|Publication number||US4646921 A|
|Application number||US 06/761,368|
|Publication date||Mar 3, 1987|
|Filing date||Aug 1, 1985|
|Priority date||Aug 1, 1985|
|Publication number||06761368, 761368, US 4646921 A, US 4646921A, US-A-4646921, US4646921 A, US4646921A|
|Inventors||Stanton J. Canter|
|Original Assignee||Diversified Group, Inc.|
|Export Citation||BiBTeX, EndNote, RefMan|
|Patent Citations (15), Referenced by (14), Classifications (5), Legal Events (4)|
|External Links: USPTO, USPTO Assignment, Espacenet|
This invention relates to containers and more particularly to containers usable for packaging articles prior to shipment as well as for displaying the articles at a point of sale.
Display stands are commonly used to display articles such as magazines and books at the point of sale. Some display stands take the form of wire racks comprising stiff wire elements which are formed into storage compartments. The wire racks are then placed at a desired location and the magazines and books are inserted into the compartments for storage and display. At the end of a predetermined time interval, for example, when subsequent editions of the books are published, the old books are removed from the storage compartments in the rack and the new editions are inserted into their place. This procedure is repeated each time it is desired to replace the old with the new.

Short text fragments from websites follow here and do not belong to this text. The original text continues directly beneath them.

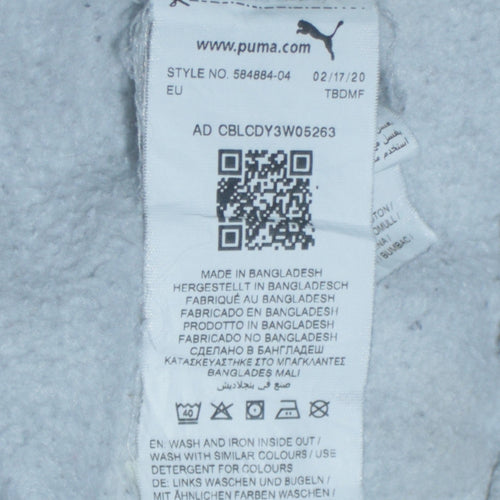 Puma Womens Grey Hooded Pullover Sweatshirt Size 12 Logo Print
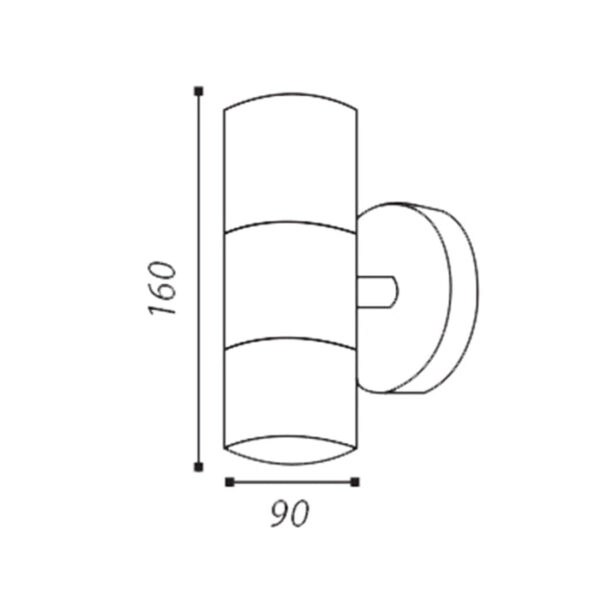 Tronic Up And Down Silver Cylindrical Wall Light
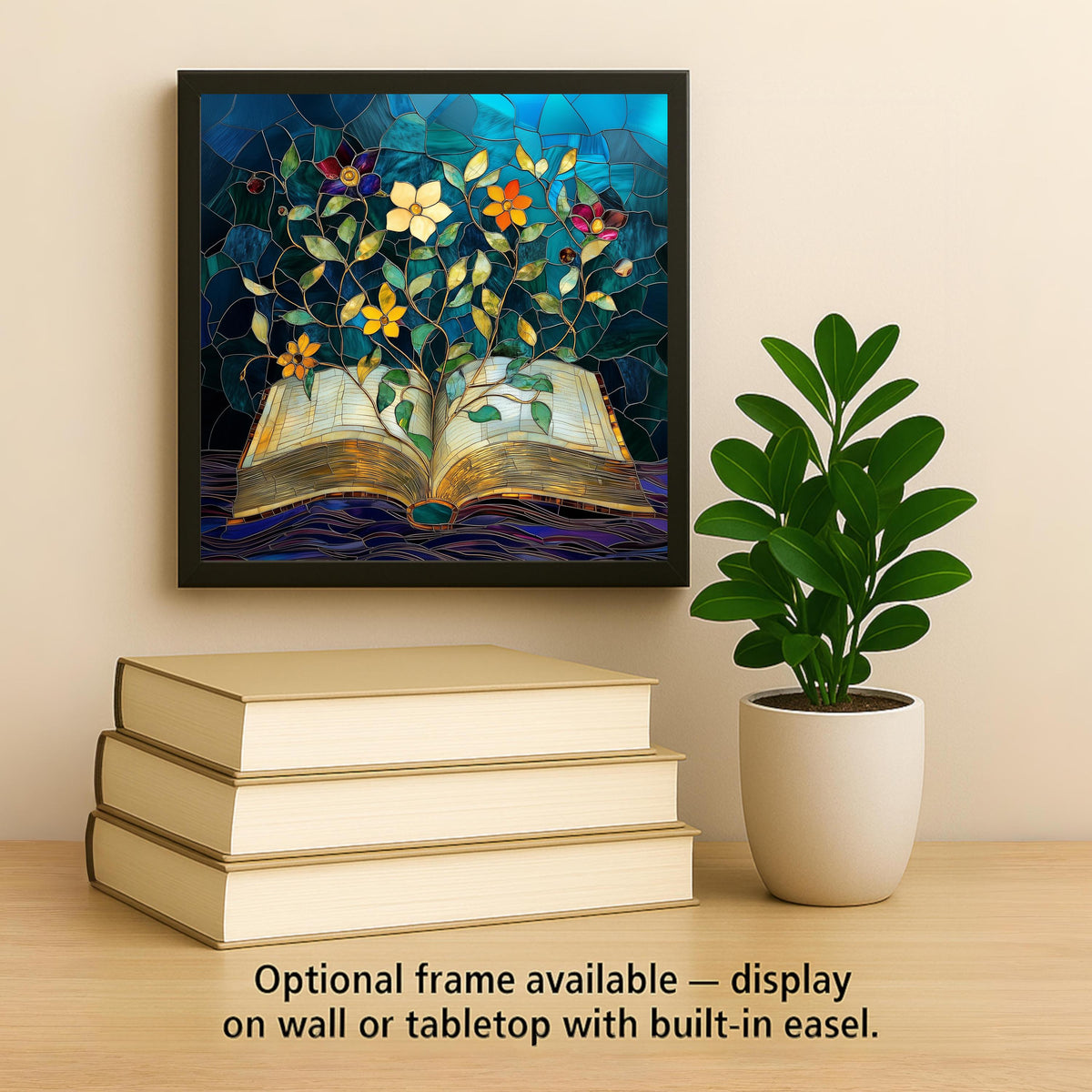 Book Lover Wall Art Ceramic Tile Botanical Decor Reader Gift Home Library Art Nature Lover Gift Tile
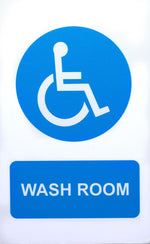 DUROSIGN WASHROOM WITH DISABLE PICTOGRAM | 5 MM ACRYLIC SIGN | HIGH RESOLUTION PRINT MEDIA | STRONG MOUNTING | SELF ADHESIVE | OUTDOOR | INDOOR | WALL | SIGN BY DUROSIGN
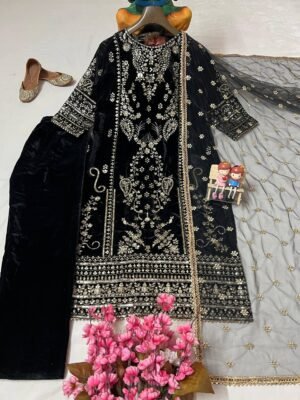Alternative view of stitched AK 1389  ENHANCE THE BEAUTY OF YOUR WARDROBE WITH THIS NEWLY LAUNCHED KURTI-PANT SET IN BEAUTIFUL VELVET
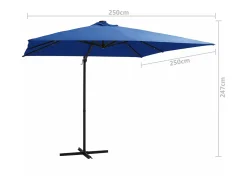 Guarda-sol de jardim com braço articulado iluminação LED e mastro de aço 250 x 250 cm azul celeste 02_0008446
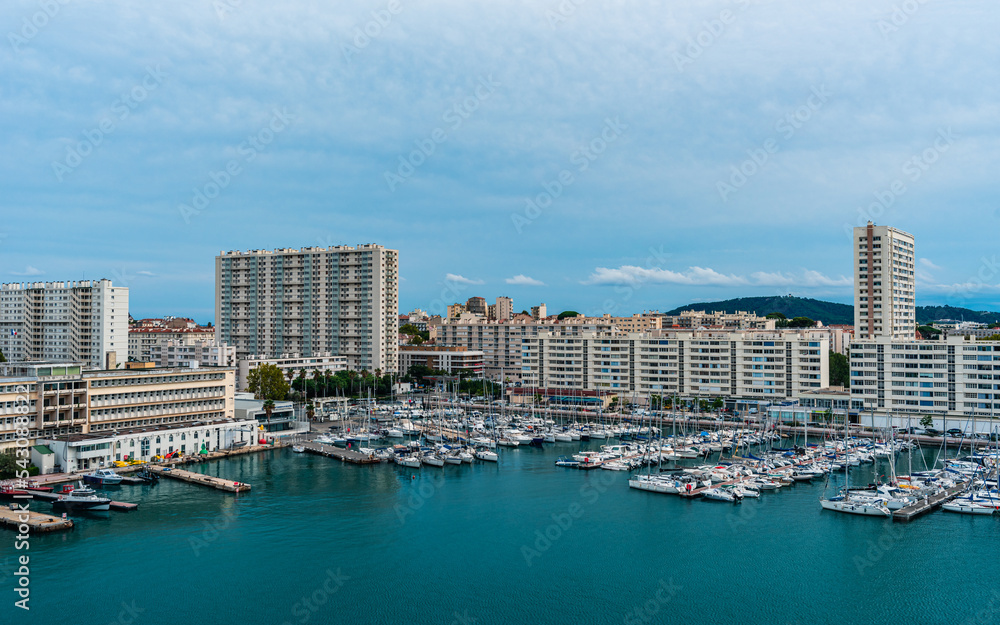 Port of Toulon in cloudy day, France, Europe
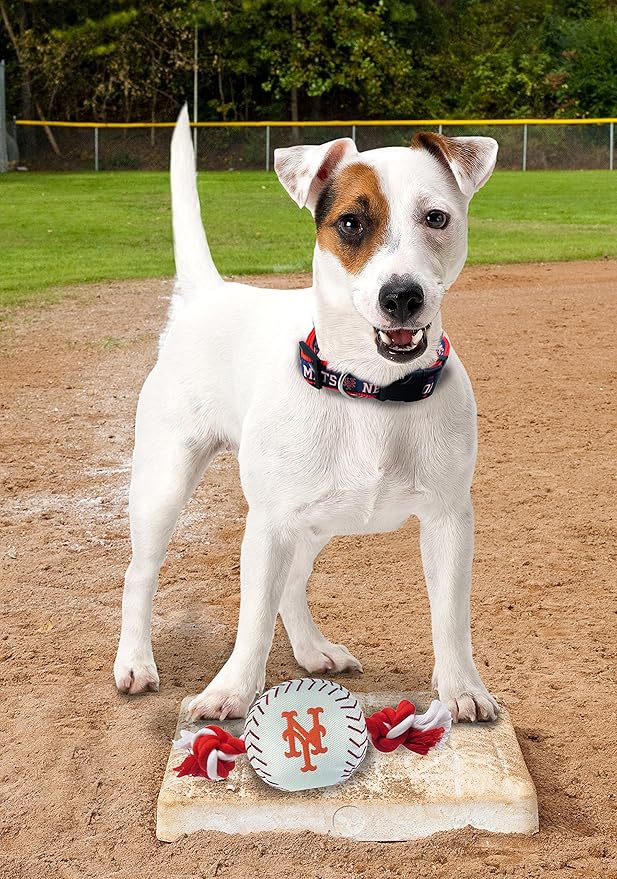 Pets First Baseball Rope Toy for DOGS & CATS. Tough nylon, Sporty Baseball Design, Heavy-duty ropes with Inner SQUEAKER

Although the aforementioned wire racks serve their basic function of storing and displaying the books, such wire racks present a very unattractive appearance. As is well known in the point of sale display art, a pleasant and attractive appearance is important in inducing customers to purchase the displayed articles. Furthermore, it is time consuming and cumbersome to remove the old books and replace then with new books; the traditional procedure being to simply grab as many as possible by hand and remove them from the rack. This procedure is repeated until the rack is empty. The new magazines are likewise inserted piecemeal into the storage compartments of the rack.
In addition to the cumbersome and time consuming nature of the handling required at the point of sale and the unattractive appearance presented to potential customers, the wire racks are either not equipped to display advertising, sales or other promotional information; or if so equipped, such displays are permanent and are difficult, if not impossible, to update or otherwise modify. This is a serious drawback if the rack is used to display ever changing merchandise such as books since updating the displayed information to reflect the latest issue can not be easily accomplished or may not even be possible at all.

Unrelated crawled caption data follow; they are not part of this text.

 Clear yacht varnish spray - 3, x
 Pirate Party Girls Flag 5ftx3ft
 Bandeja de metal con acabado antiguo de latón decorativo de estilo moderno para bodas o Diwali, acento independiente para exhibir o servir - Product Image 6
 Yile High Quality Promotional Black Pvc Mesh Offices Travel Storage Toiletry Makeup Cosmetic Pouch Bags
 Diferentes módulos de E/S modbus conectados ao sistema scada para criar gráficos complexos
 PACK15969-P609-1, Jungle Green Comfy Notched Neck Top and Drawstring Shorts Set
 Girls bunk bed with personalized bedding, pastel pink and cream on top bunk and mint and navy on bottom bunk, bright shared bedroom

Accordingly, it is an object of the present invention to provide a packaging and display container which enables a reduction in the handling of the articles to be displayed at the point of sale.
It is a further object of the present invention to provide a packaging and display container which presents an attractive appearance to consumers.
It is a further object of the present invention to provide a packaging and display container in which the articles to be displayed can be stored during shipment.
It is still another object of the present invention to provide a packaging and display container which includes space for incorporating legends such as advertising and sales information.
Briefly described, the present invention comprises a storage and display container adapted to removably mate with a support frame. The container comprises at least two adjacent pockets separated by a borderline therebetween, each pocket having a bottom, side walls and end walls. A horizontal flange extends outwardly from and joins the tops of a first one of the end walls of the adjacent pockets. An aperture is disposed in the horizontal flange in proximity to the juncture of the adjacent pockets and in communication with the borderline therebetween.
The foregoing and other objects, features and advantages of the invention, as well as presently preferred embodiments thereof, will become more apparent from a reading of the following description in conjunction with the accompanying drawing.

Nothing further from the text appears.